Of course, I am a bit of a hard head (even back then) and one day I started playing with the wood lathe while my grandfather was upstairs. Everything seemed to be going pretty well until I pushed the chisel in too far too fast and the wood split and went flying. One piece shattered the overhead light and the other piece ricocheted off the back of my hand leaving an nice gash. I shut off the machine and ran upstairs. After my grandmother cleaned and wrapped my hand, my grandfather made me go back downstairs and clean up the mess and stood over me with a stern look of disapproval making sure I wiped up my blood trail. After that incident, I heeded my grandfather’s advice, at least in his basement shop.
Anyway, with the recent discussions of code coverage around the testing blogosphere I started thinking about what was really being discussed. The discussions (as is the case with most discussions about code coverage) were not actually about the application code coverage as a tool, but more about the code coverage metric. And more specifically the discussions were about how not to assume a high measure of code coverage implies something is well tested. Interestingly enough, 2 years ago I wrote a post illustrating how the metric can be gamed and how the code coverage measure tells us nothing about quality or test effectiveness, but also alluded to how it might be used more effectively.
I thought that how the metric is sometimes misused is mostly self-evident, but then I realized that almost every time testers start talking about code coverage the discussion tends to focus on the metric. This may seem a bit harsh, but if a person’s only contribution to a conversation about code coverage is about how the metric doesn’t relate to quality or testing effectiveness then that person should not be allowed to play with hammers, and employing more complex tools such a wheel-barrows are well beyond that person’s comprehension.
Only thinking of code coverage as a means to get some magic number is akin to thinking “how many nails can I pound with this hammer. The metric itself is mostly irrelevant; and it is completely irrelevant if you don’t know how to interpret it in a way that helps you as a tester. Think about it this way; if we told our managers “our tests achieved 80% code coverage” some of our managers would be elated. (Of course IMHO, these types of managers are metric morons.) But, what do you think these same pointy headed number zombies would say if we told them “we ran our tests and we only missed testing 20% of the code.” I suspect they would start pacing back and forth in the room mumbling “We must run more tests, we must run more tests.”

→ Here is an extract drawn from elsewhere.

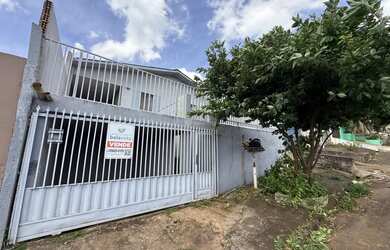 Imagem: A casa possui 2 Dormitórios, 1 Banheiro, 1 Vaga na garagem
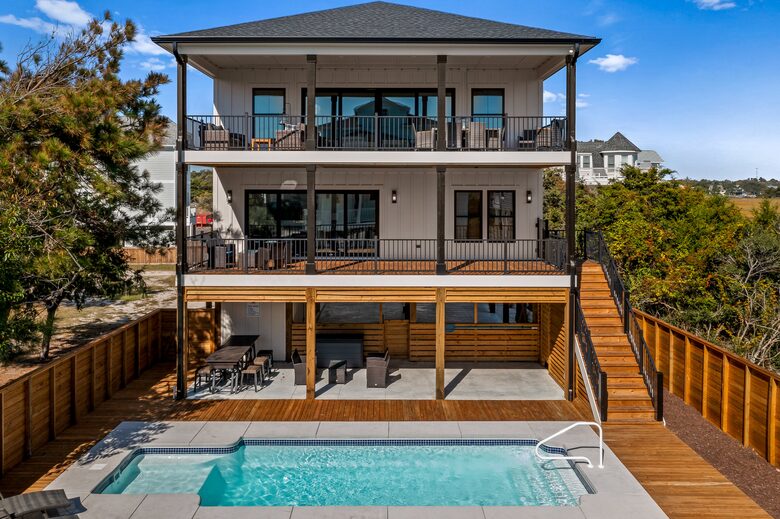 Coquina Cove Beach House - Holden Beach, North Carolina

When we stop thinking of code coverage as a simply measure where our only use of the tool is to try and achieve some magical number then perhaps we can start thinking about how to actually use code coverage as an effective tool to help us design tests (in under-tested or untested areas of the code), reduce potential risk, and possibly even drive quality upstream.
For example, one of my mentees is currently working on a project that uses just in time code coverage as a tool to evaluate how tests exercise changed code and downstream dependencies prior to checking code changes (e.g. bug fixes) back into the main tree. The initial pushback by some members of the team (including some pointy headed managers) was “code coverage doesn’t tell us about product quality” or “its too hard to achieve 80% code coverage” (although no such goal had been mentioned), and my personal favorite, “it’s too difficult to get everyone to measure coverage.” I reminded my mentee that the project is not about achieving some magic number, and in fact, it’s really not even about measuring at all. It’s about using the tool to discover information and to help us design additional functional tests at the API or component level that we might otherwise overlook to help prevent downstream regressions. In a nutshell, its about using code coverage as a defect prevention tool in this case.
Bottom line, code coverage is a tool! If you don’t know how to use it to improve your testing, well…
This past weekend I was working on a new test tool library for generating random email addresses; specifically the local address segment of an email address. I know, there are already a lot of email address generators available and this could be construed as reinventing the wheel. But I wanted to give my students in my test automation course at the University of Washington something to test at the API level. So why not have them test a test tool and learn a bit more about API level testing and how to use combinatorial analysis of the input property values to drive a data-driven automated test case. Also, having them test it means that I don’t have too!
Anyway, one of the tool’s properties is a character array of invalid characters for the specific email address system under test. Although the guidelines for email addresses are outlined in RFC 5322 and RFC 2821 many companies can place greater restrictions on the characters that are allowed for the local address component of an email address (the local address is the part before the ‘@’ character).
For example, Yahoo only allows a local address to be between 4 and 32 characters, the first character must be a letter, and only letters, numbers, underscores and only 1 period character. The Google mail local address is between 6 and 30 characters, and only allows letters, numbers, and (multiple) period characters. Hotmail and Live mail allow local address name lengths between 6 and 64 characters (64 is the maximum allowable size according to RFC 5322), and can only contain letters, numbers, periods, hyphens, and underscores.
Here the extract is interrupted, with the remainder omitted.